Scraped caption text data

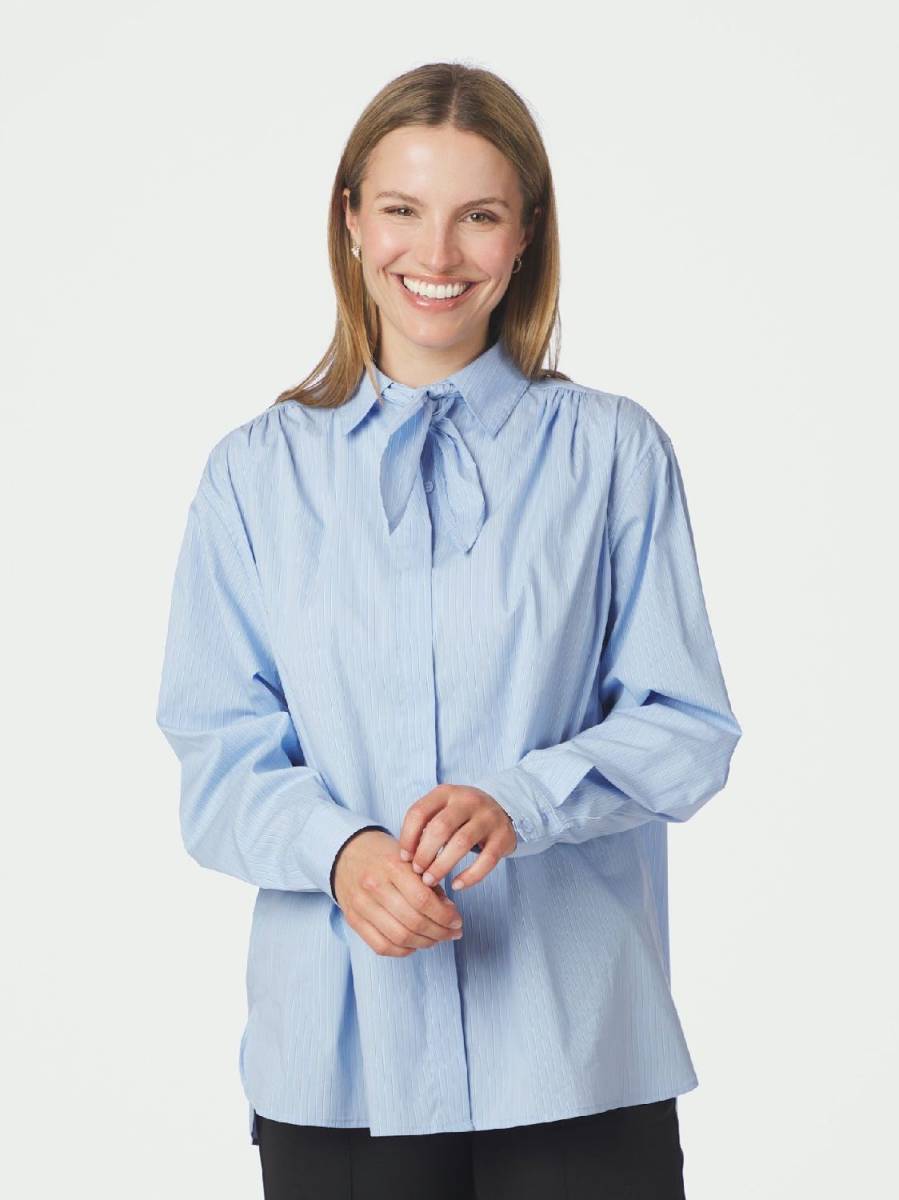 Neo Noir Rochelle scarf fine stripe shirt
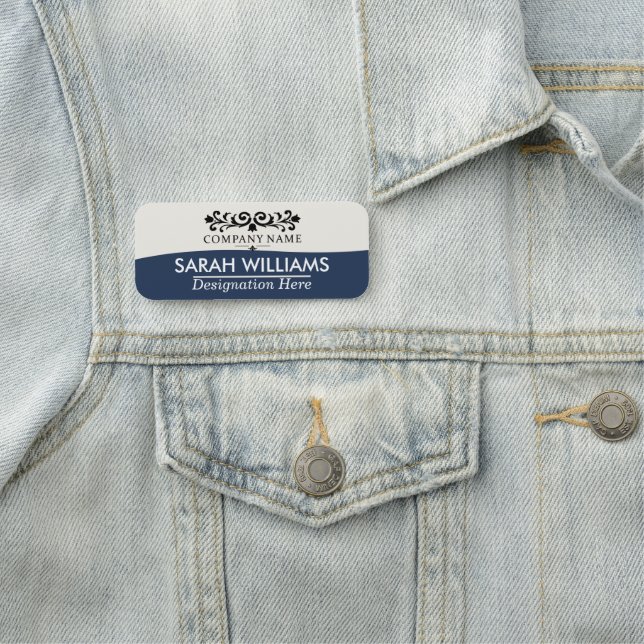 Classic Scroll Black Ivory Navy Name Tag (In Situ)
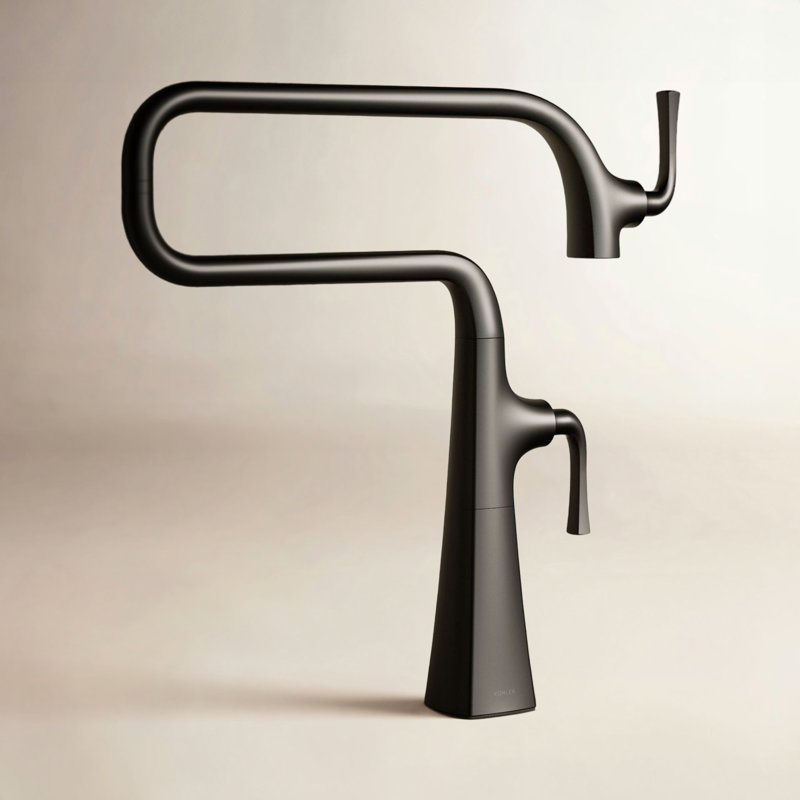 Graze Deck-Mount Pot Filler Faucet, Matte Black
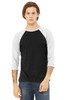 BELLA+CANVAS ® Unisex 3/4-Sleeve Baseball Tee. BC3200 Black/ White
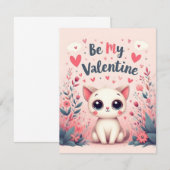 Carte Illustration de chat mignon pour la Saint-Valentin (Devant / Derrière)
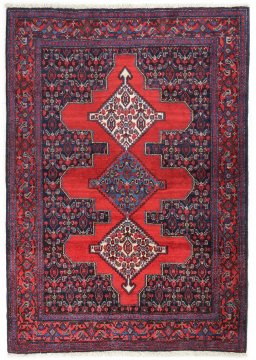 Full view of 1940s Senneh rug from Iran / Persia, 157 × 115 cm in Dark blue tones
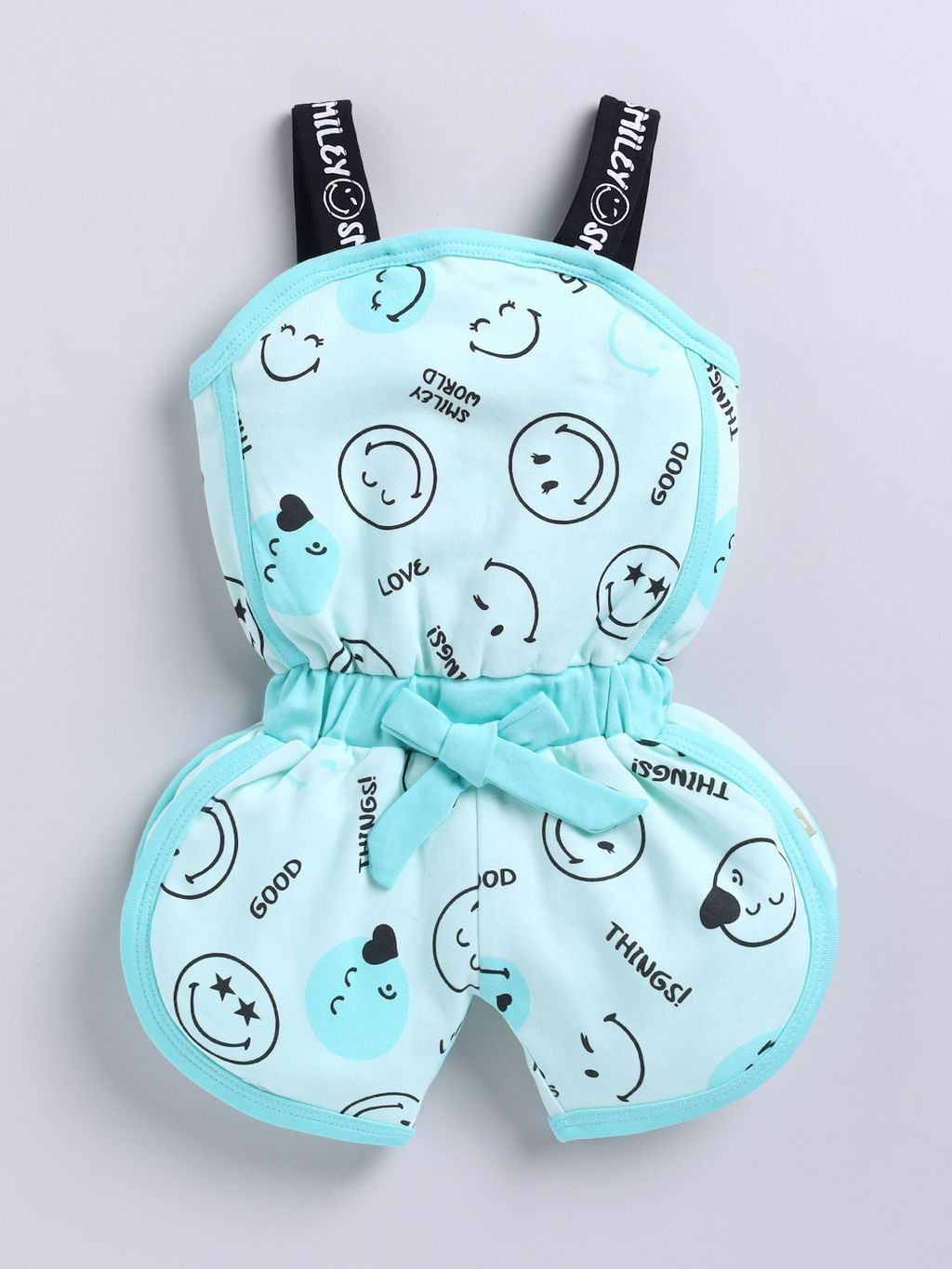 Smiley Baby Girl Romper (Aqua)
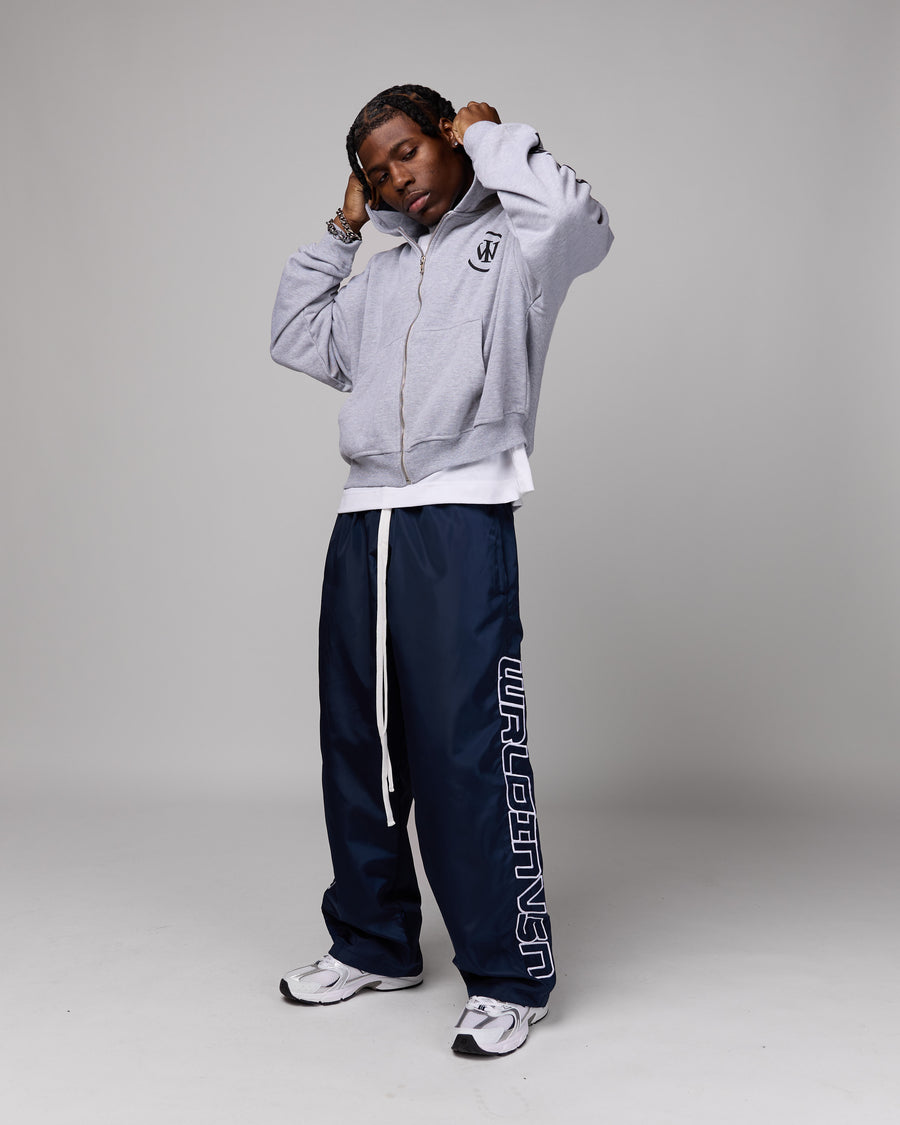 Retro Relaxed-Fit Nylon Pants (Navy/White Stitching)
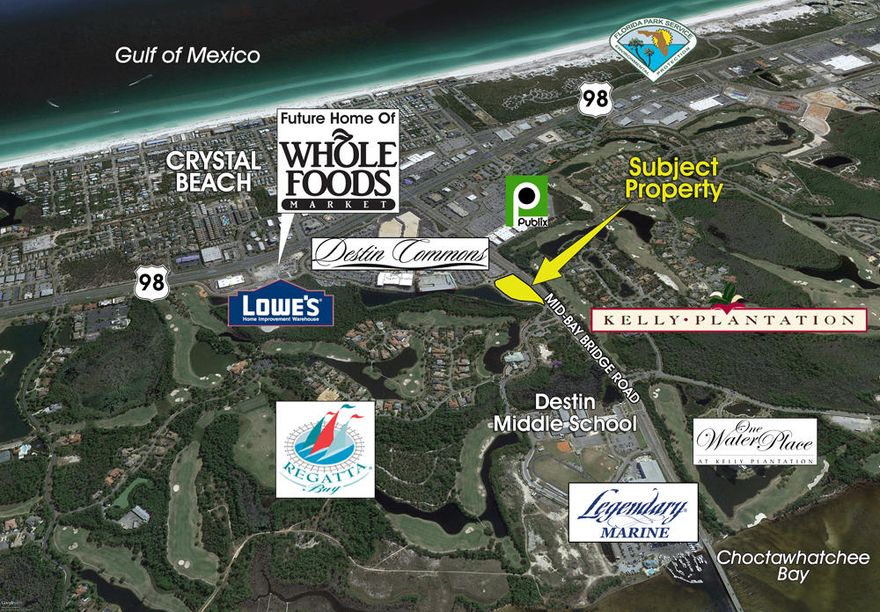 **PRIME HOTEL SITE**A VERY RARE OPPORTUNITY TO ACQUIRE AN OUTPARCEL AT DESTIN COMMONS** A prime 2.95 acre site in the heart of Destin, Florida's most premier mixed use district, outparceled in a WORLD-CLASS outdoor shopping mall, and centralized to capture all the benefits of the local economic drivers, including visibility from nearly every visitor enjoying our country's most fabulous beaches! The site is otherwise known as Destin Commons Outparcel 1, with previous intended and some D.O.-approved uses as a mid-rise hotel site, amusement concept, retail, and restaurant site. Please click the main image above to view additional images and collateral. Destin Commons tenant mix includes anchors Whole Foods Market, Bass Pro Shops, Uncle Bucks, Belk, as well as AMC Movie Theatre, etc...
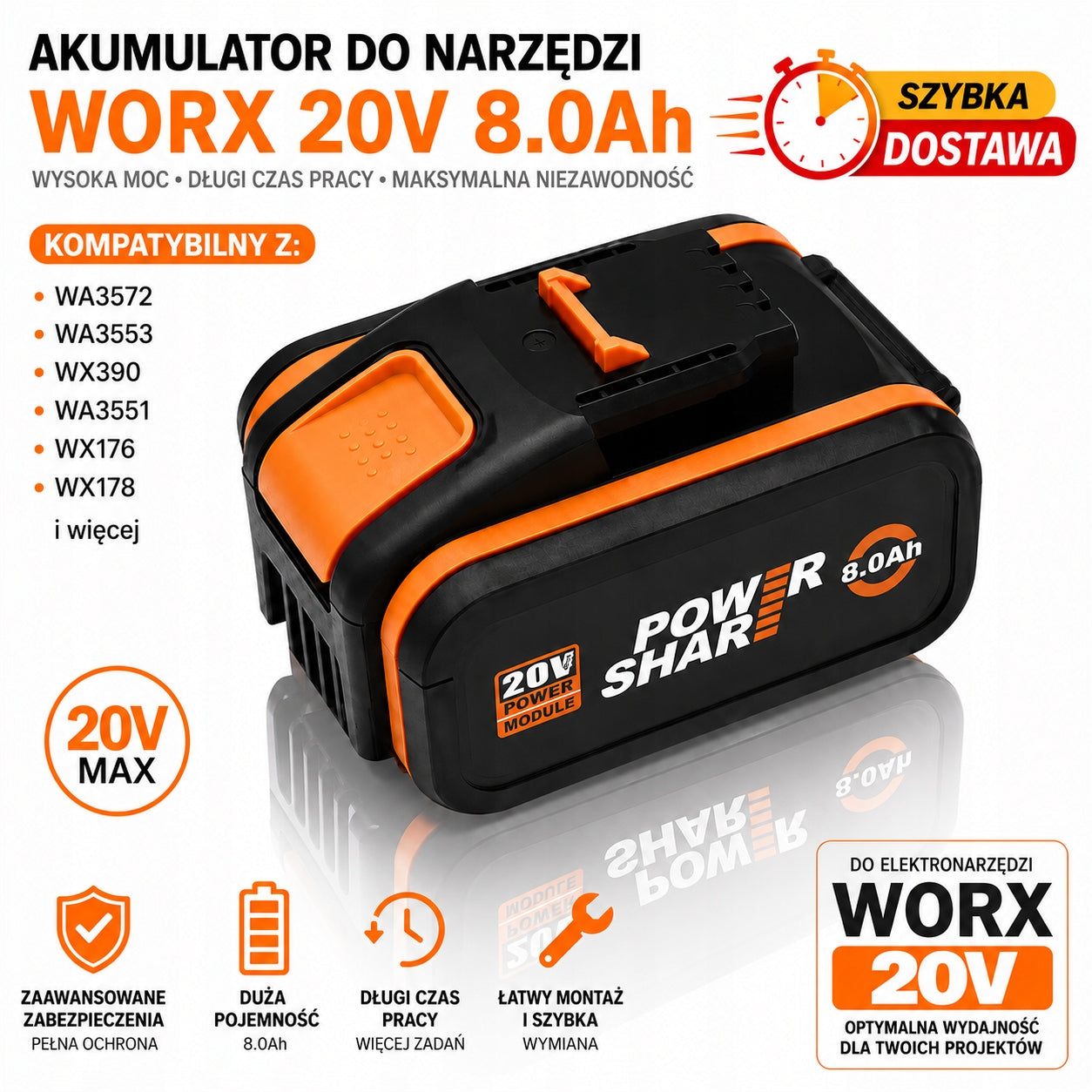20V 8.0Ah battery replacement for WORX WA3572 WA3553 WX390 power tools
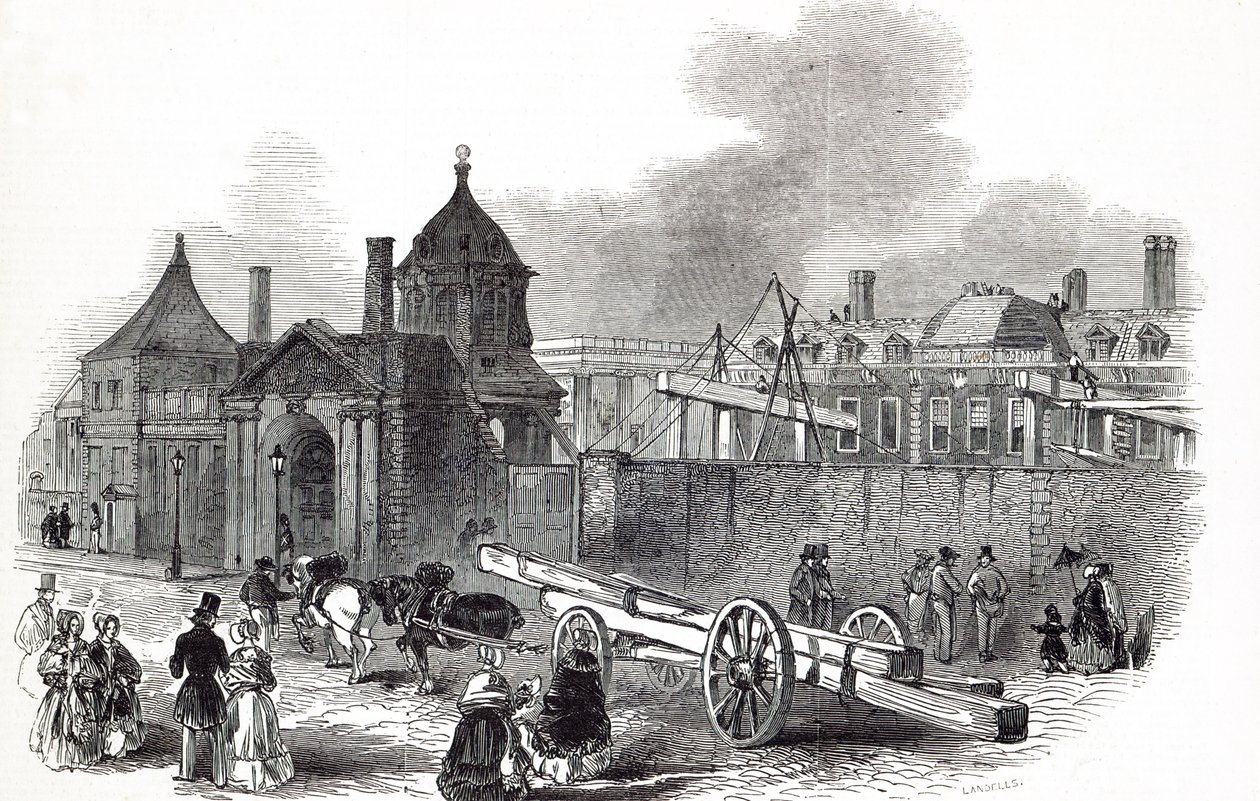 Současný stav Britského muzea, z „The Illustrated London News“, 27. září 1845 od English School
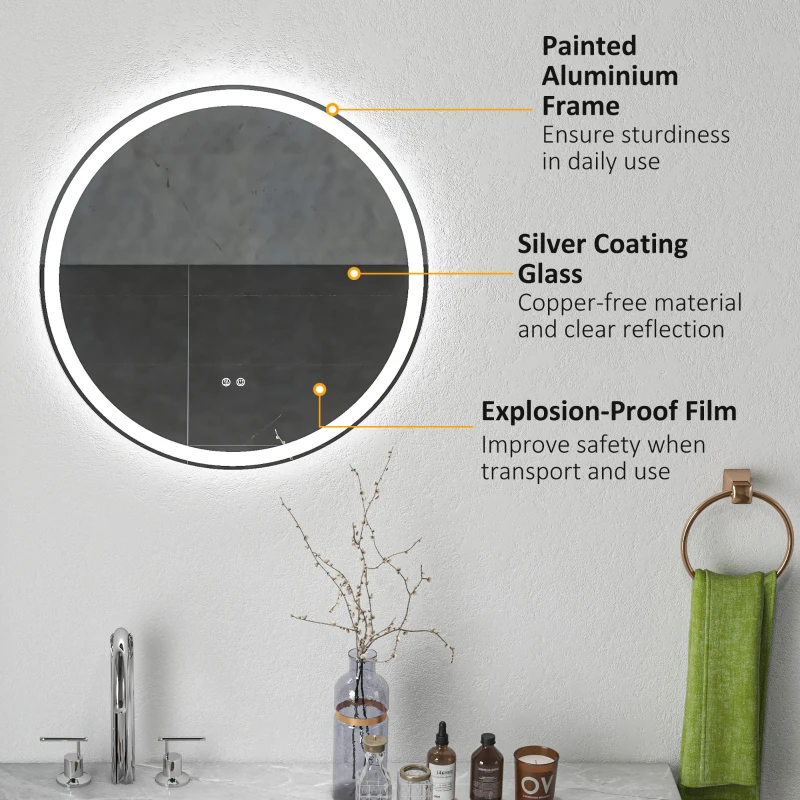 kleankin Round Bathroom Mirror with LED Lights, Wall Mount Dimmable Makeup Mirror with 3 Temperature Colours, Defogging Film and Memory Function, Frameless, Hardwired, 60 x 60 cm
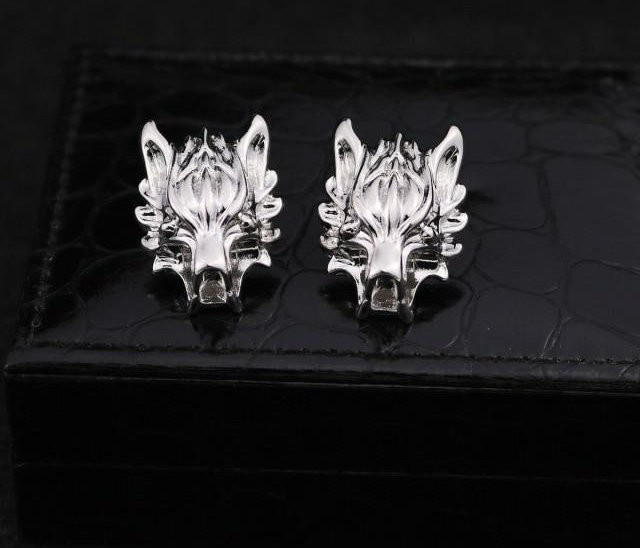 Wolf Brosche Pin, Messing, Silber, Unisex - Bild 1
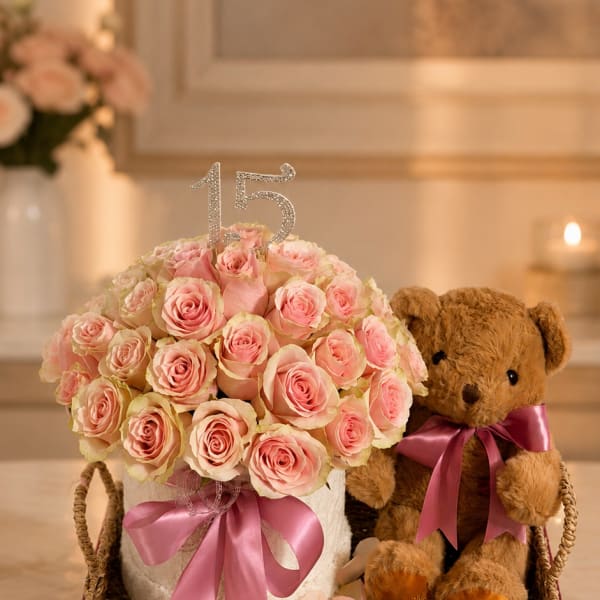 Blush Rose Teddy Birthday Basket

→ ACTION ITEM
A verbatim transcription of the records, pictures excluded, is the required output.

→ EXPECTED ANSWER
 Neo Noir Rochelle scarf fine stripe shirt
 Classic Scroll Black Ivory Navy Name Tag (In Situ)
 Graze Deck-Mount Pot Filler Faucet, Matte Black
 BELLA+CANVAS ® Unisex 3/4-Sleeve Baseball Tee. BC3200 Black/ White
 Carte Illustration de chat mignon pour la Saint-Valentin (Devant / Derrière)
 Full view of 1940s Senneh rug from Iran / Persia, 157 × 115 cm in Dark blue tones
 Smiley Baby Girl Romper (Aqua)
 Retro Relaxed-Fit Nylon Pants (Navy/White Stitching)
 **PRIME HOTEL SITE**A VERY RARE OPPORTUNITY TO ACQUIRE AN OUTPARCEL AT DESTIN COMMONS** A prime 2.95 acre site in the heart of Destin, Florida's most premier mixed use district, outparceled in a WORLD-CLASS outdoor shopping mall, and centralized to capture all the benefits of the local economic drivers, including visibility from nearly every visitor enjoying our country's most fabulous beaches! The site is otherwise known as Destin Commons Outparcel 1, with previous intended and some D.O.-approved uses as a mid-rise hotel site, amusement concept, retail, and restaurant site. Please click the main image above to view additional images and collateral. Destin Commons tenant mix includes anchors Whole Foods Market, Bass Pro Shops, Uncle Bucks, Belk, as well as AMC Movie Theatre, etc...
20V 8.0Ah battery replacement for WORX WA3572 WA3553 WX390 power tools
 Současný stav Britského muzea, z „The Illustrated London News“, 27. září 1845 od English School
 kleankin Round Bathroom Mirror with LED Lights, Wall Mount Dimmable Makeup Mirror with 3 Temperature Colours, Defogging Film and Memory Function, Frameless, Hardwired, 60 x 60 cm
 Wolf Brosche Pin, Messing, Silber, Unisex - Bild 1
 Blush Rose Teddy Birthday Basket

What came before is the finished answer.